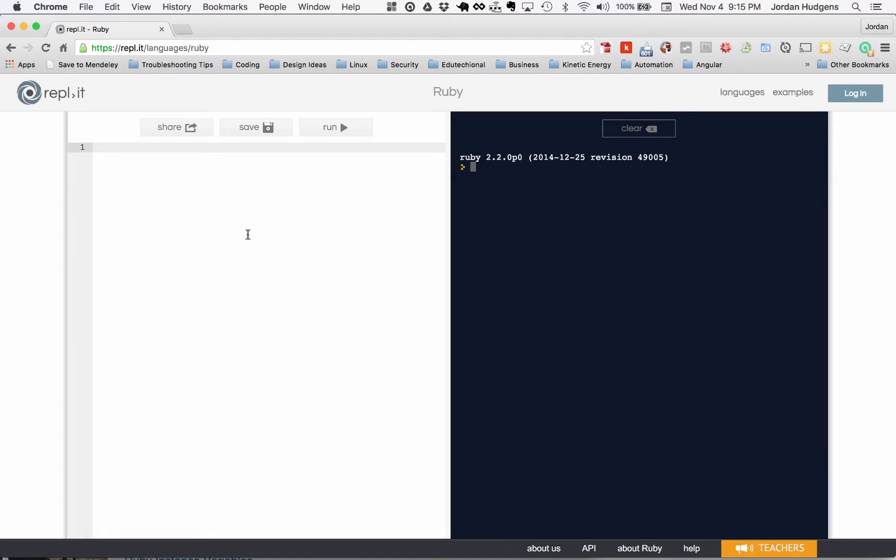Since you know how to print out to the console, it only makes sense that you'd learn how to grab values. You may build a program and want to test a certain input value to see if that changes the behavior of your application, and we'll do that throughout the course.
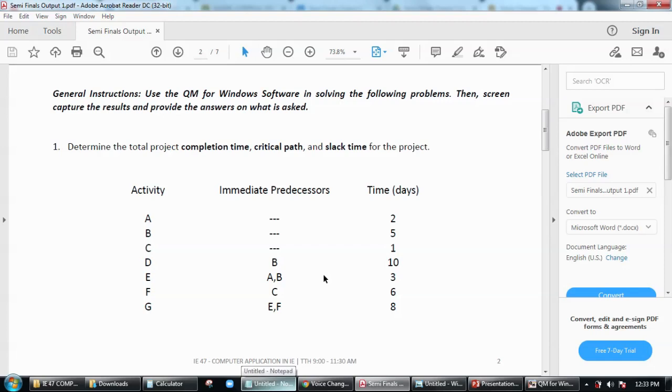All right, so we have an activity here to use the QM for Windows software in solving the following problems, which is first determine the project or the total project completion time, critical path, as well as the slack time for the project based on the data below.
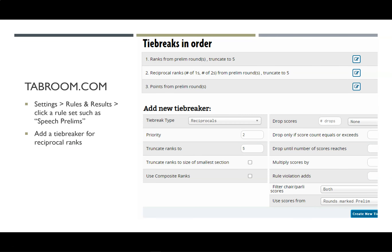In tabroom.com, your settings for tiebreakers are found in the settings heading under rules and results, and then you click on one of your rule sets. Most tournaments will probably use the set called speech prelims. This is the set of tiebreaks you should use if you want to mirror the state tournament: ranks truncated to 5, then reciprocals truncated to 5, then quality points. You choose the reciprocals tiebreak type, set it to priority 2, truncate all ranks to 5, and use scores from rounds marked prelim.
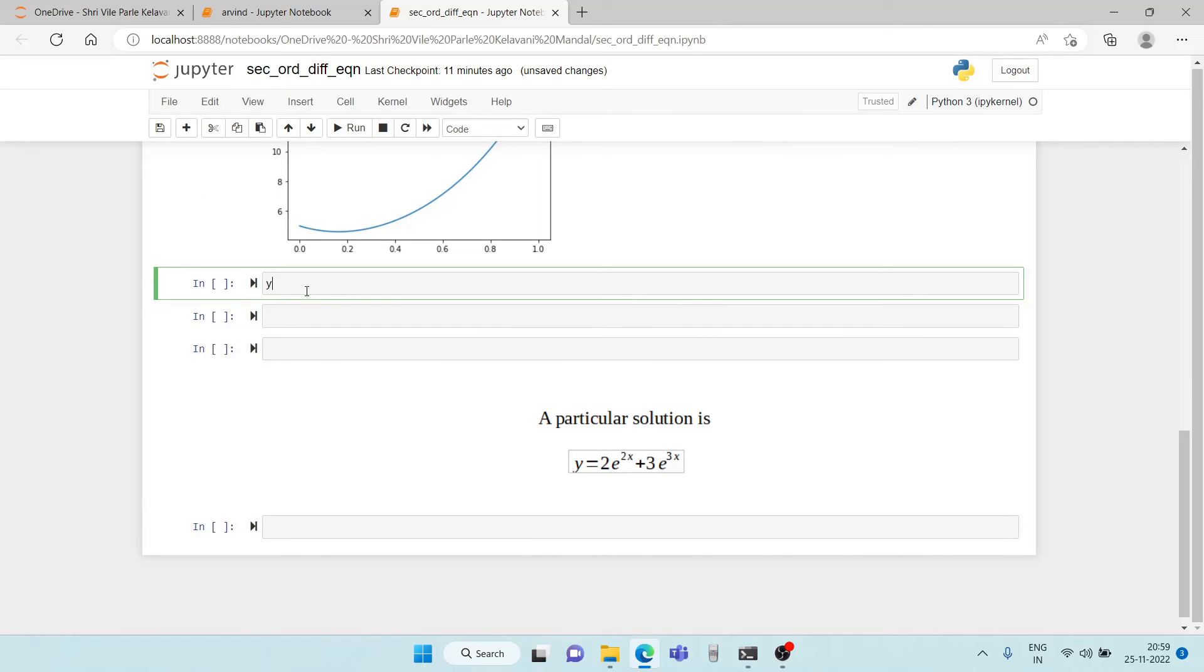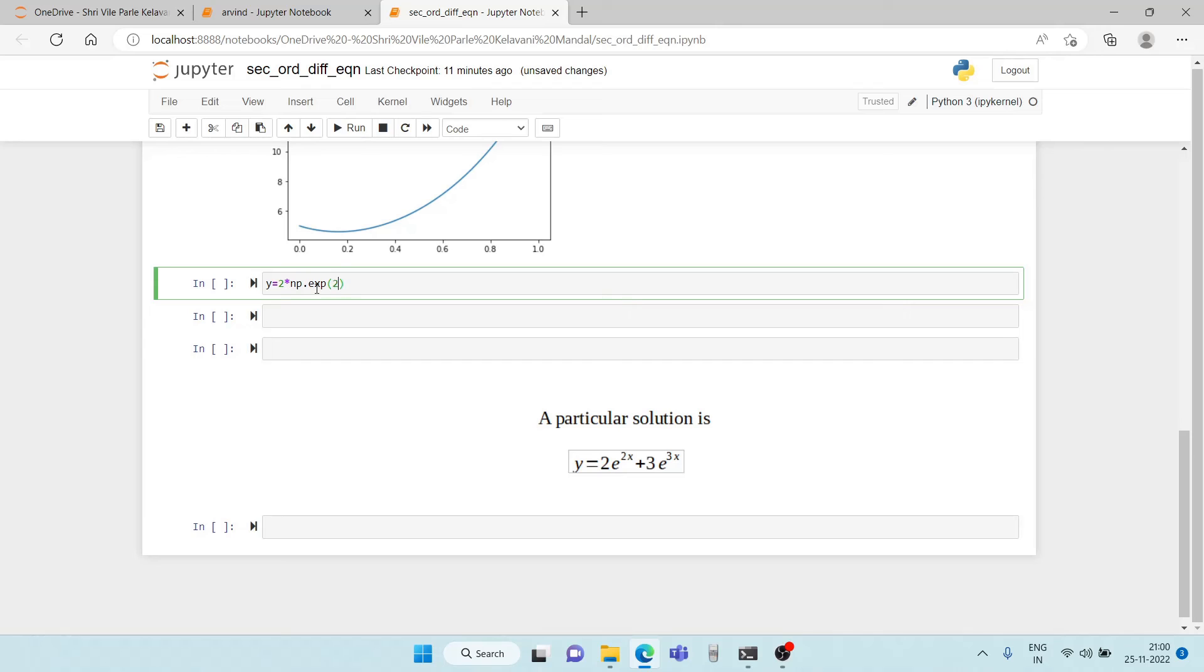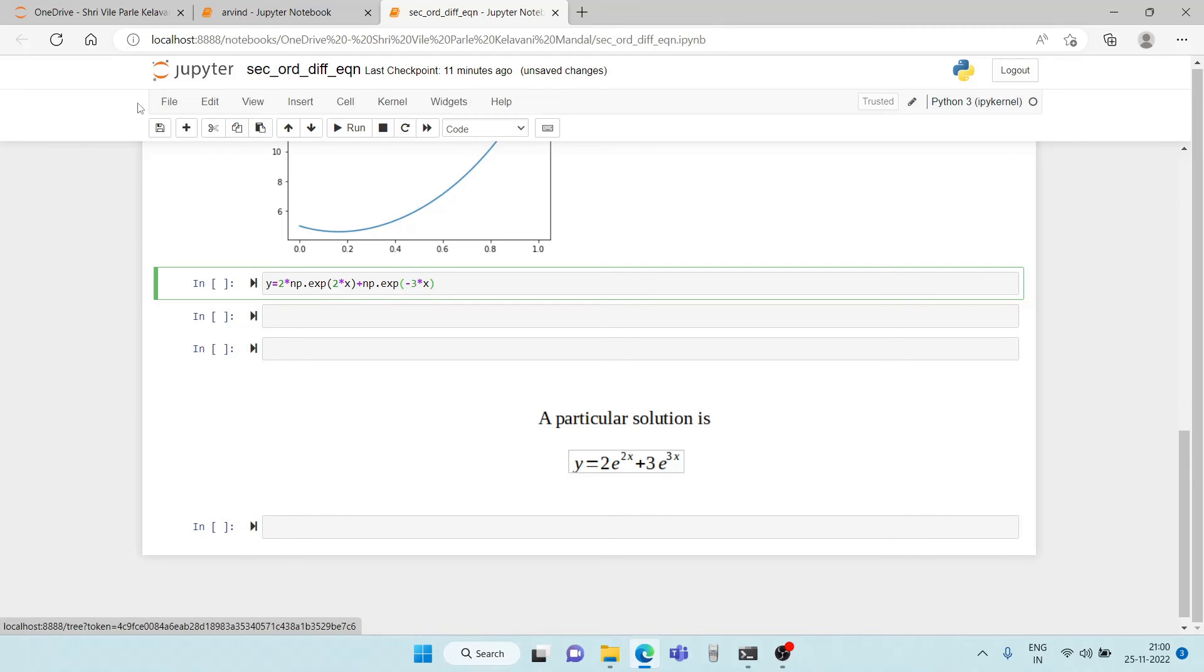So first we calculate the values of y. So the value of y is going to be 2 star np dot exp 2x plus 3 star np dot exp that is for exponential minus 3x. So there we are.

^^^^^^^^

Assignment:
Your answer must be an exact copy of the listing, with every picture omitted.

Response area:
Since you know how to print out to the console, it only makes sense that you'd learn how to grab values. You may build a program and want to test a certain input value to see if that changes the behavior of your application, and we'll do that throughout the course.
All right, so we have an activity here to use the QM for Windows software in solving the following problems, which is first determine the project or the total project completion time, critical path, as well as the slack time for the project based on the data below.
In tabroom.com, your settings for tiebreakers are found in the settings heading under rules and results, and then you click on one of your rule sets. Most tournaments will probably use the set called speech prelims. This is the set of tiebreaks you should use if you want to mirror the state tournament: ranks truncated to 5, then reciprocals truncated to 5, then quality points. You choose the reciprocals tiebreak type, set it to priority 2, truncate all ranks to 5, and use scores from rounds marked prelim.
So first we calculate the values of y. So the value of y is going to be 2 star np dot exp 2x plus 3 star np dot exp that is for exponential minus 3x. So there we are.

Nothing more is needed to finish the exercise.